Alcuni scienziati parlano esplicitamente di “fede scientifica”, riferita alle premesse filosofiche della scienza, alla stabilità non ambigua del reale, all’ordine e all’intelligibilità della natura. L’autore cita tra gli altri Einstein, Polanyi e Planck. Mi limito qui a riportare due affermazioni particolarmente eloquenti.
Albert Einstein osservava: «La scienza può essere creata soltanto da chi sia totalmente vocato alla verità e alla comprensione. Questa fonte emotiva, tuttavia, scaturisce dalla sfera della religione. Ad essa appartiene anche la fede nella possibilità che le regole valide per il mondo dell’esistenza siano razionali, cioè comprensibili per la ragione. Non riesco a concepire uno scienziato genuino che difetti di tale fede profonda».
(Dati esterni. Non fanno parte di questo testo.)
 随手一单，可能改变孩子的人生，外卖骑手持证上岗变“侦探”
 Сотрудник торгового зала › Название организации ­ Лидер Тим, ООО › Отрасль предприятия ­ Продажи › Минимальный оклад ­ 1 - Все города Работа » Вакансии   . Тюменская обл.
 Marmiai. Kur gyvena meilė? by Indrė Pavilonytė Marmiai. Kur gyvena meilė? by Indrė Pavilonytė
Max Planck, dal canto suo, ricordava che ciò che fa avanzare la scienza non è soltanto il dato empirico, ma anche la forma mentis plasmata dalle convinzioni personali, che costituiscono «premesse extra-scientifiche» del lavoro scientifico — in un certo senso una vera e propria «fede». Nelle sue parole: «Chi ha veramente collaborato a costruire una scienza sa per propria esperienza interiore che sulla soglia della scienza sta una guida apparentemente invisibile: la fede che guarda innanzi. Non c’è principio che abbia recato maggior danno, per l’equivoco a cui si presta, che quello dell’assenza di premesse nella scienza. Le fondamenta di ogni scienza sono fondate dal materiale che l’esperienza fornisce, è vero; ma è altrettanto certo che il materiale da solo non basta, come non basta la sua elaborazione logica, a fare».
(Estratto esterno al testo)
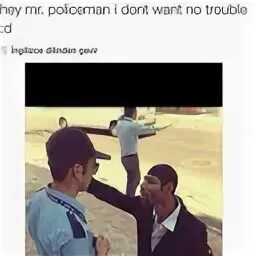 Hey policeman текст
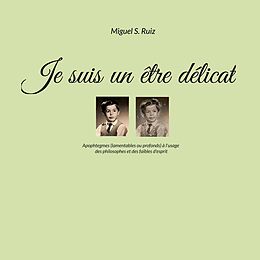 eBook (pdf) Je suis un être délicat de Miguel S. Ruiz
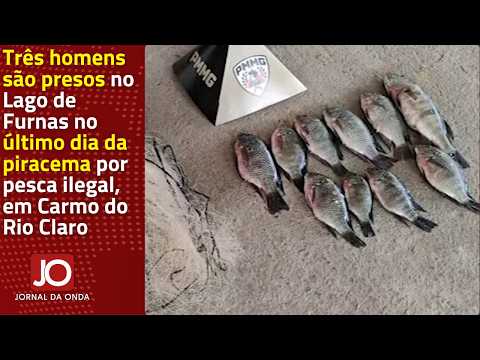 TRÊS HOMENS SÃO PRESOS EM FURNAS NO ÚLTIMO DIA DA PIRACEMA POR PESCA ILEGAL, EM CARMO DO RIO CLARO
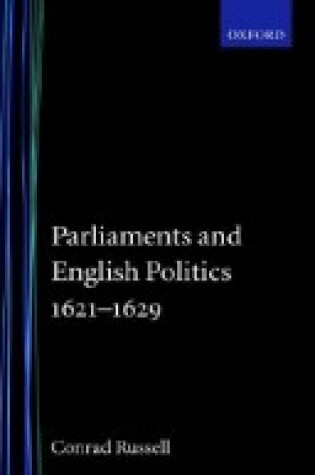 Cover of Parliaments and English Politics, 1621-29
In fondo, come conclude giustamente Giuseppe Tanzella-Nitti, «la “fede scientifica” si esprime anche, e forse soprattutto, nel modo in cui lo scienziato si pone di fronte al reale. Egli presta fiducia alla realtà fisica e alle sue leggi, al dinamismo insito nei fenomeni della materia e della vita, persuaso che, in ultima analisi, il “reale non ci inganna”».